Time to test the waters
I’ve been avoiding talking about the arts for my first couple of posts because, honestly, the arts are important and I thought how I broached the subject would somehow set some sort of precedent and what not. But screw it, time to get the old feet wet.
I thought I’d talk a little bit about theater. The common questions asked all of the time are “is theater dead?” and “does theater matter?” I think it’s safe to say that both of these questions are totally useless. Just like how nothing is either good or bad but thinking makes it so, so is nothing important or unimportant except to the extent that we make it so.
Theater isn’t really important to most people right now because theater artists haven’t figured out how to make it important. It’s a tough uphill battle. Theater represents all sorts of things that fundamentally go against mainstream culture: it is intensely local and cannot be globalized, it is entirely subjective and can’t be commodified, etc.

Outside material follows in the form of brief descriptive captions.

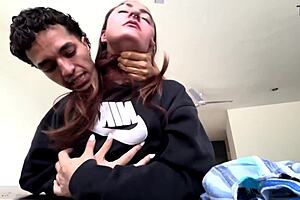 curvy latina reunites with ex for ass-shaking moans of pleasure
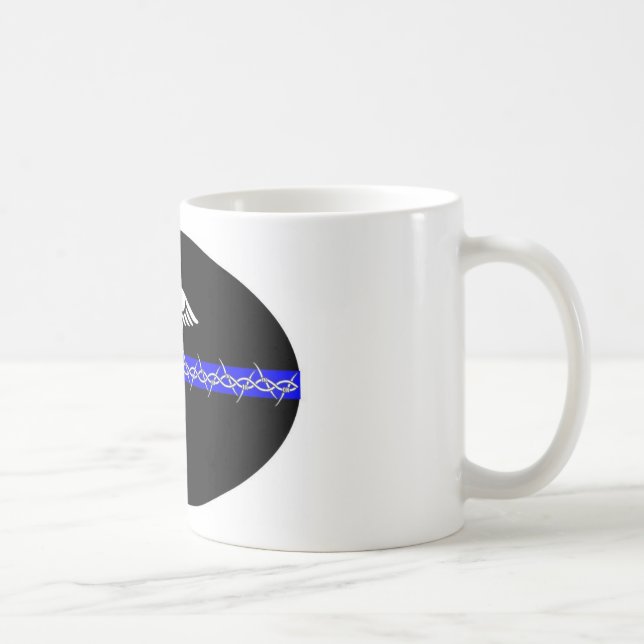 Café Taza correccional de la enfermera (Derecha)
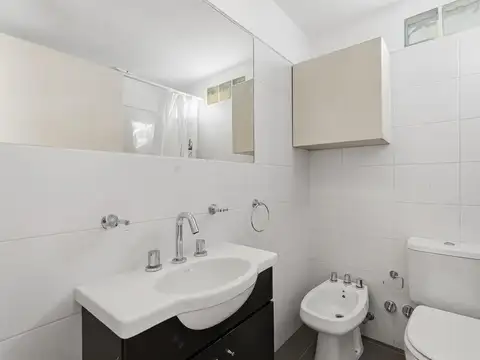 Departamento 3 ambientes con 2 baños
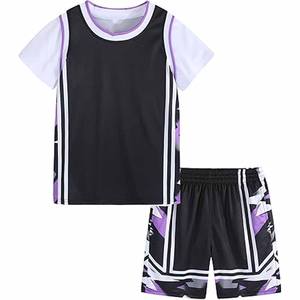 Maillots et shorts de football à manches courtes pour hommes, ensemble uniforme de football unisexe à manches courtes, design de Dress Sports - Product Image 1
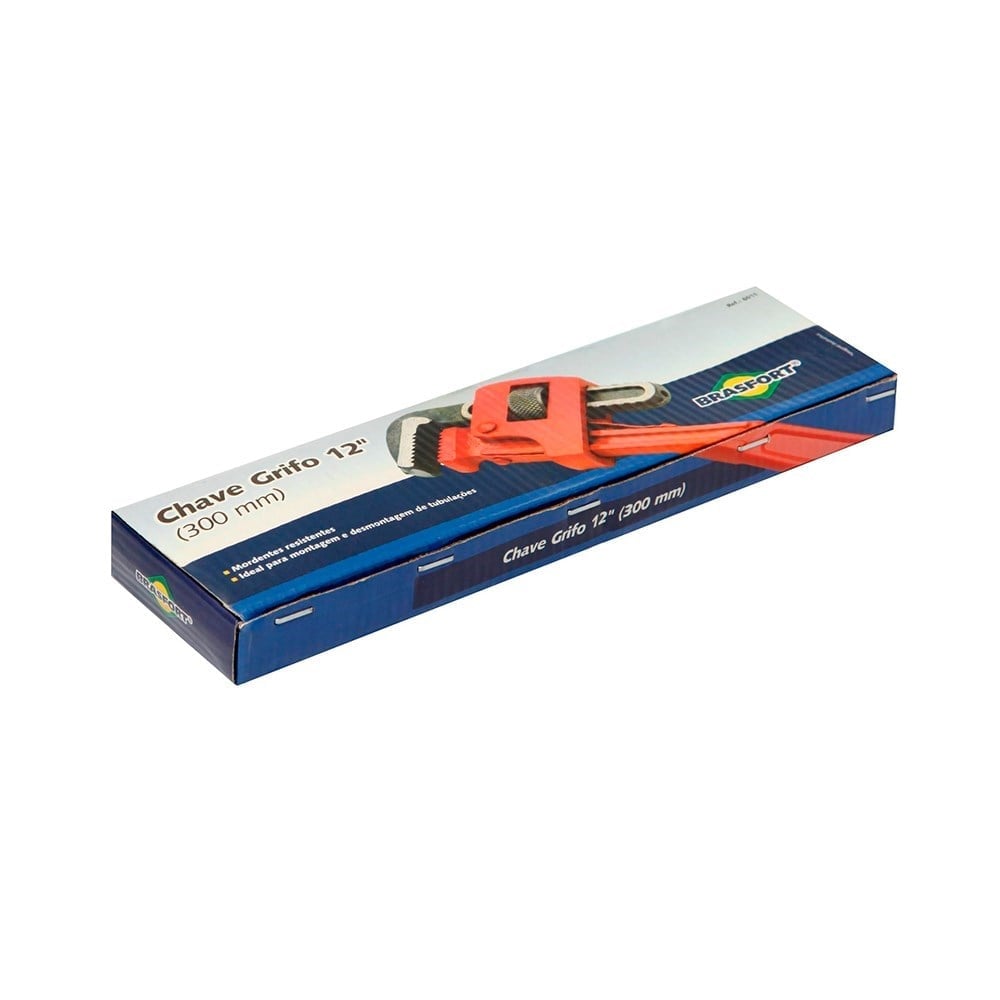 Chave Grifo Brasfort 14" 6012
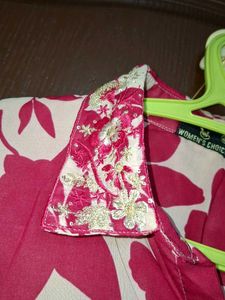 Floral Print Cord Set
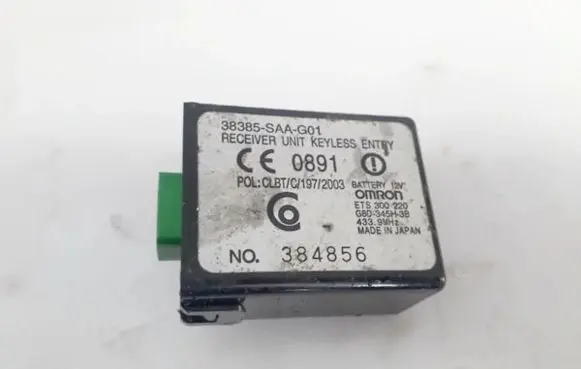 Honda FR-V Other control units/modules 38385saag01 384856
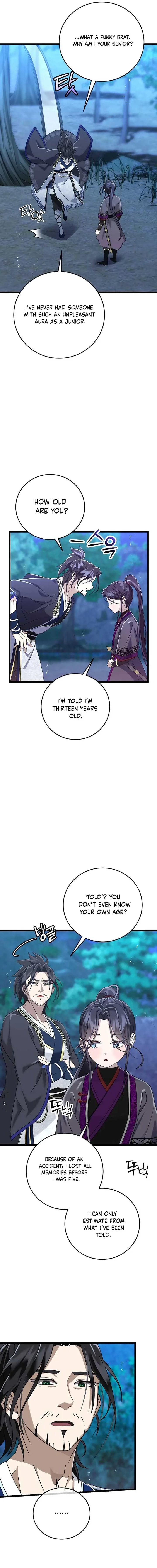 Return of the Namgung Clan’s Granddaughter Chapter 3 page 4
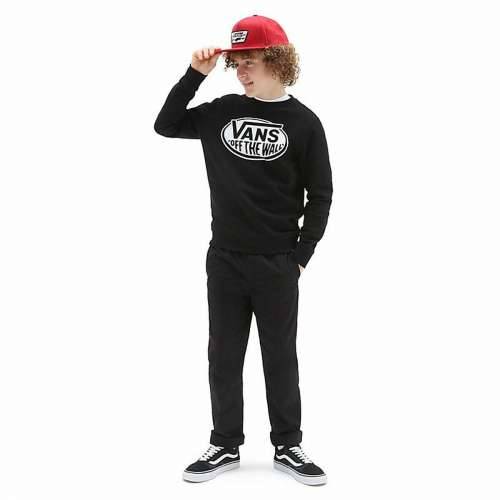 Muška Majica bez Kapuljače Vans Off The Wall Crna Cijena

More on this later, I promise.
Anyway, I’m going to try to take on various issues affecting theater and some ideas about how to save it over the course of this blog. In the meantime, those of you who live in New York, I urge you to go check out an off or off-off Broadway play. I know people often don’t like off-off-Broadway, and I understand it. Off-off tends to be weirder, or at least more experimental, a lot of artists are still very much in the learning stage, much of it isn’t what one could call “good”, but it’s all usually $19 or less and you’ll see something that you can’t see anywhere else. Less than $20 for a unique experience ain’t so bad. And hey, check out a newspaper or TimeOut and you could maybe get a good recommendation.